- Material for the task:

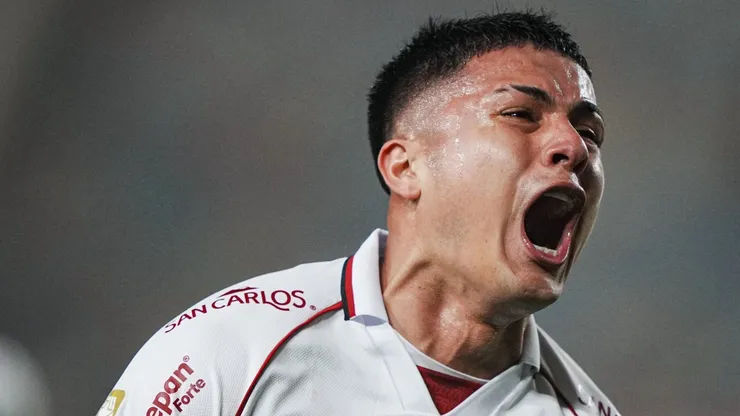 Jairo Concha celebrando su gol ante Sport Boys.
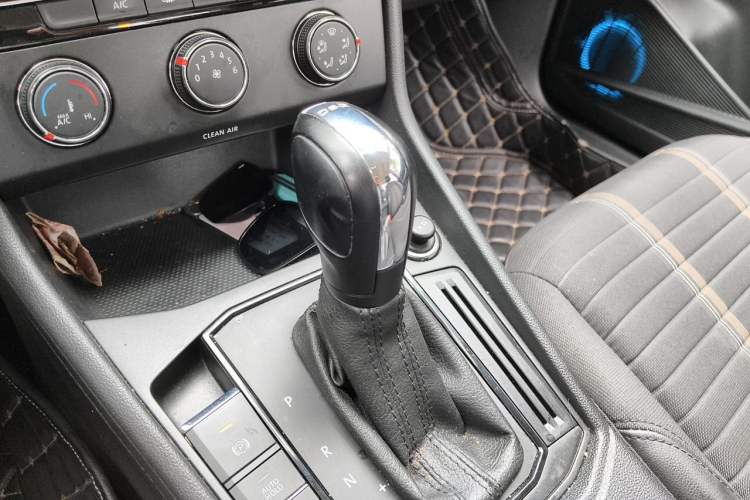 Used Volkswagen Lavida 2019 280TSI DSG Comfort Edition China VI standard Gear Lever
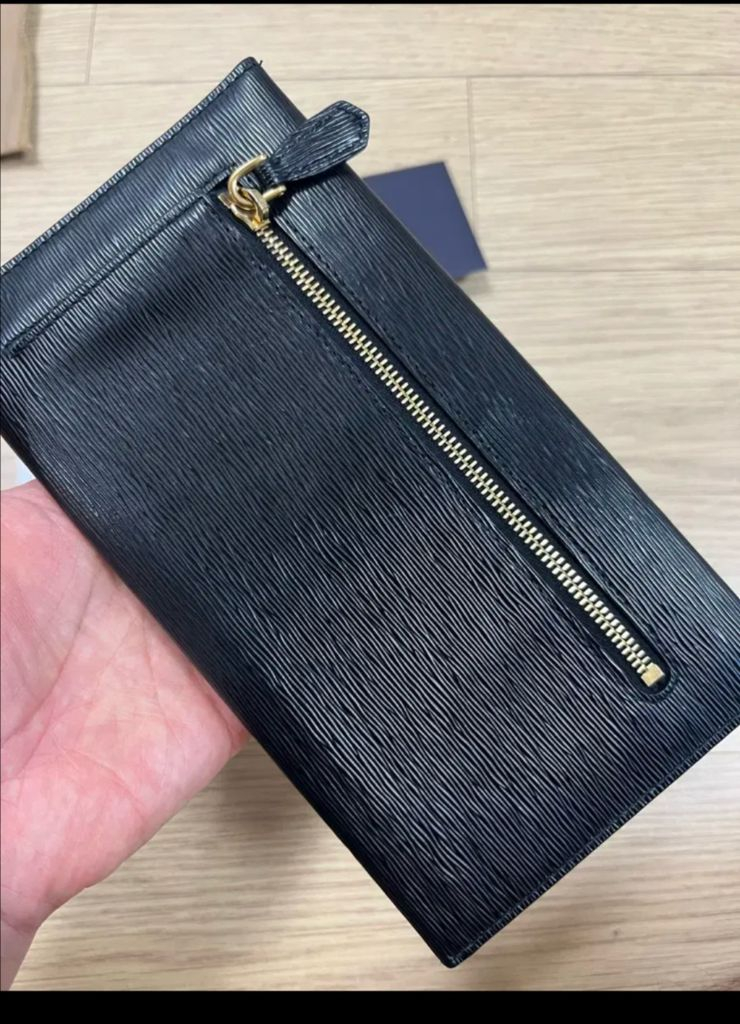 프라다 사피아노 가죽 클러치 지갑--1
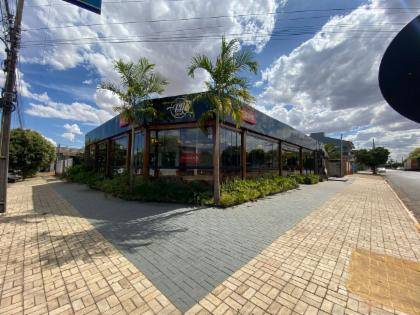 Prédio Comercial na Rua Campo Verde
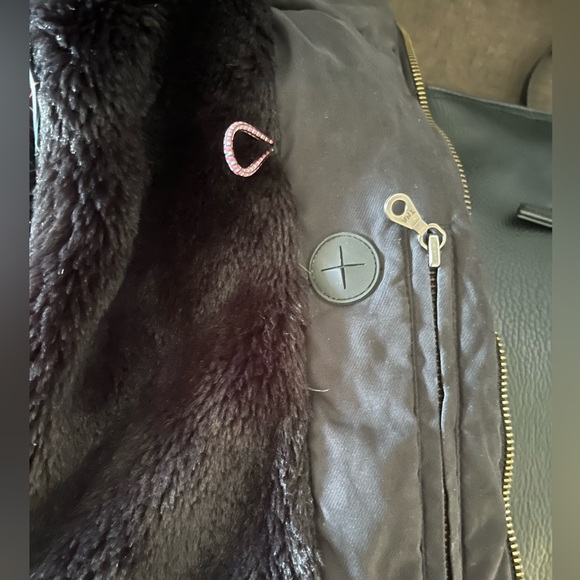 Aritzia TNA St. Moritz Bomber Jacket - Picture 10 of 14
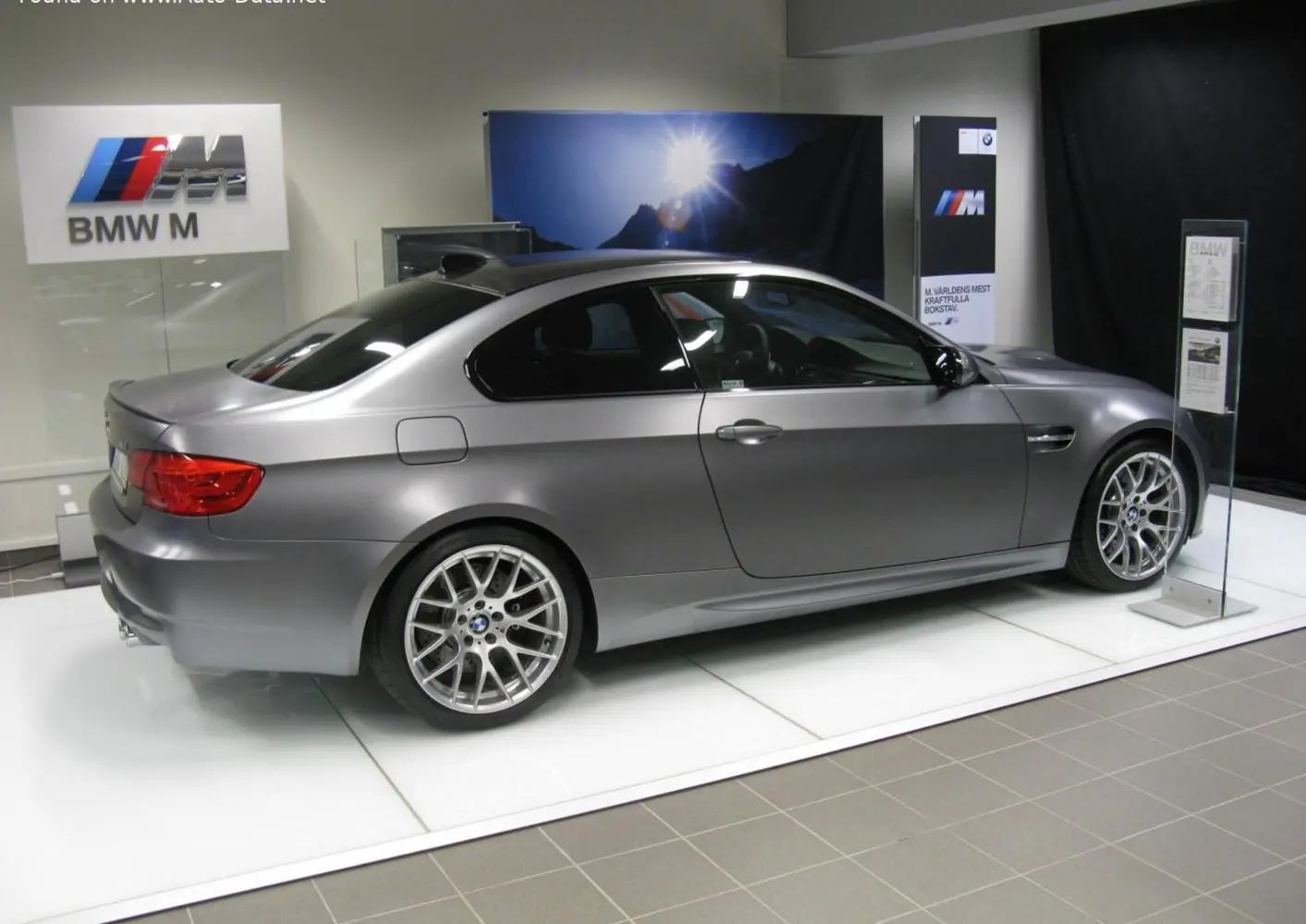 BMW M3 Coupe (E92 LCI, facelift 2010)-1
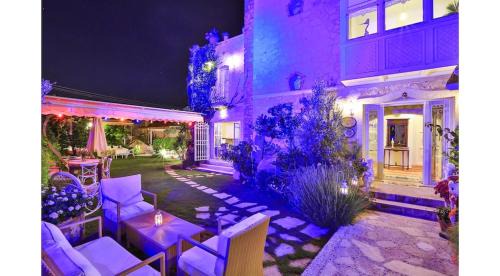 Stone Villa,Large Garden,Swimming Pool, Very Close the Beautiful Beach .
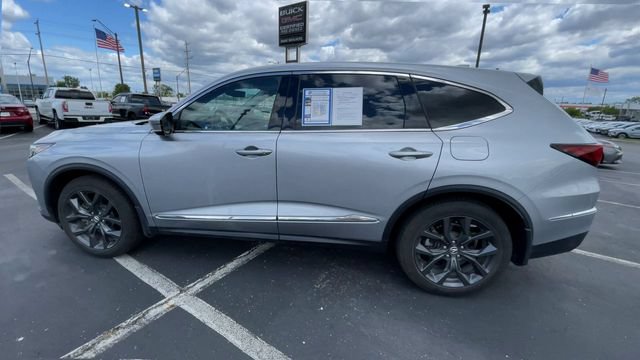 Used 2023 Acura MDX SH-AWD w/ Technology Package image 7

- Work required: Every line from the one containing "프라다 사피아노 가죽 클러치 지갑--1" to the last line of the material must be returned exactly. Leave out any pictures.

- Output below:
 프라다 사피아노 가죽 클러치 지갑--1
 Prédio Comercial na Rua Campo Verde
 Aritzia TNA St. Moritz Bomber Jacket - Picture 10 of 14
 BMW M3 Coupe (E92 LCI, facelift 2010)-1
 Stone Villa,Large Garden,Swimming Pool, Very Close the Beautiful Beach .
 Used 2023 Acura MDX SH-AWD w/ Technology Package image 7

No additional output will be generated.